Association of a multiplex immune marker panel with incident cognitive impairment and dementia: The Northern Manhattan Study

Brain Behav Immun Health. 2024 Dec 24:43:100937. doi: 10.1016/j.bbih.2024.100937. eCollection 2025 Feb.

Abstract

Objective: To determine whether a panel of immune markers adds significant information to known correlates of risk of dementia and cognitive impairment.

Background: The impact of immune mechanisms on dementia risk is incompletely characterized.

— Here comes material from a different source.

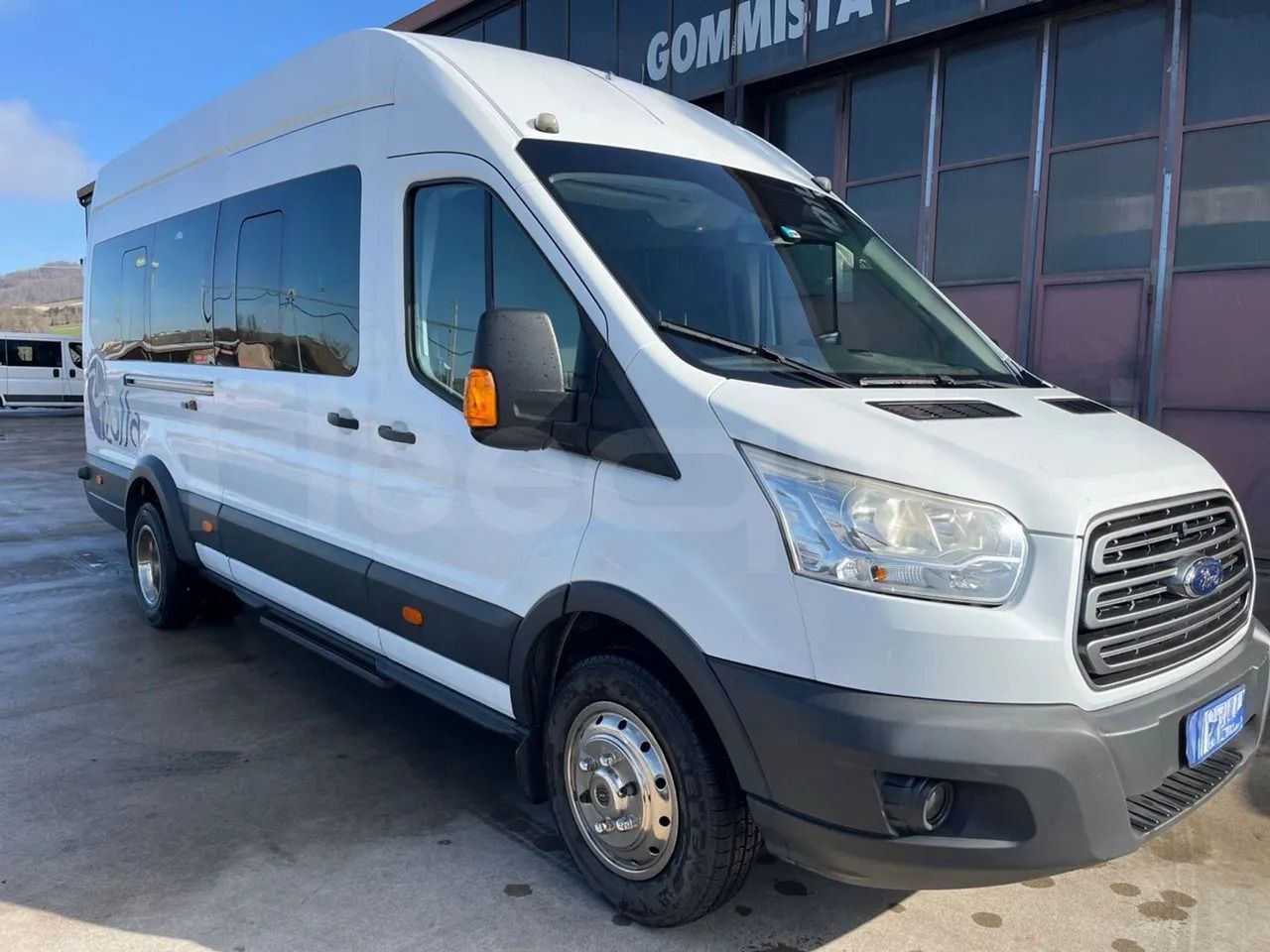 Микроавтобус, Пассажирский фургон Ford Transit: фото 9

Design/methods: A subsample of the Northern Manhattan Study, a prospective cohort study in the racially/ethnically diverse population of New York City, underwent comprehensive neuropsychological testing up to three times, at approximately 5-year intervals. Cognitive outcomes were adjudicated as no cognitive impairment, mild cognitive impairment (MCI), or dementia. Immune markers were assessed using a multiplex immunoassay on plasma samples collected at the time of the first neuropsychological test. Least absolute shrinkage and selection operator (LASSO) techniques were employed to yield a panel of immune markers linearly related to the outcome of dementia/MCI vs. no cognitive impairment. Nested logistic regression models were run to determine the independent association of the immune marker panel with dementia/MCI after adjusting for other predictors of risk.

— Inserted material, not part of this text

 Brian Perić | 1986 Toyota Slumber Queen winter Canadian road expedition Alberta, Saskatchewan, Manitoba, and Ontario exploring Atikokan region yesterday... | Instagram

Results: Among 1179 participants (mean age 70.0 ± 8.9 years, 60% women, 68% Hispanic), immune markers improved model fit above demographic and vascular risk factors (p-value for likelihood ratio test <0.0001) as correlates of MCI/dementia. Individual immune markers found to be associated with dementia/MCI were C-X-C Motif Chemokine Ligand 9 (CXCL9) and C-C Motif Chemokine Ligand 2 (CCL2). The effect of the immune markers was comparable to traditional risk factors, with CCL2 (per SD) having almost the same effect as 1 year of aging and CXCL9 (per SD) showing approximately twice this magnitude.

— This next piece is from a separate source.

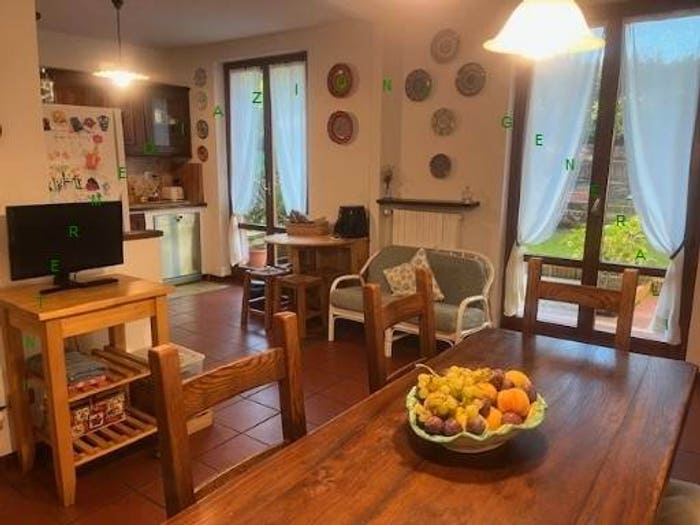 Casa con 5 locali in vendita in PIAZZA UGHI, Cavallina, Barberino di Mugello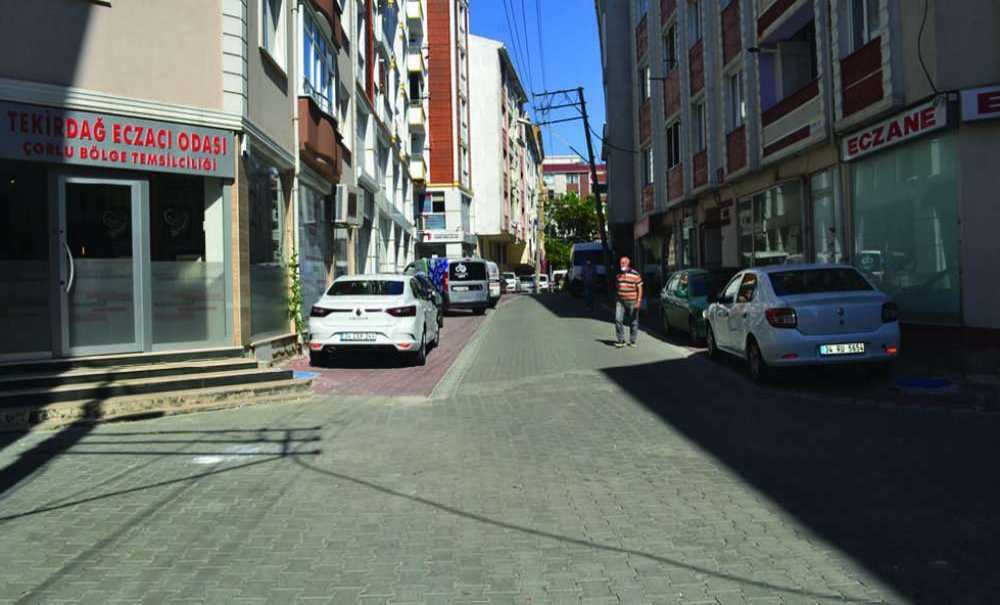 Mahalleli Yapılan Yollardan Memnun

Conclusion: Immune markers are associated with cognitive decline and dementia outcomes in a multi-ethnic cohort. More work is needed to further characterize these associations and determine therapeutic strategies. (Funded by the National Institute of Health/National Institute of Neurological Disorders and Stroke; grant number R01 29993 (Sacco/Elkind)).

Keywords: Dementia; Epidemiology; Inflammation; Mild cognitive impairment.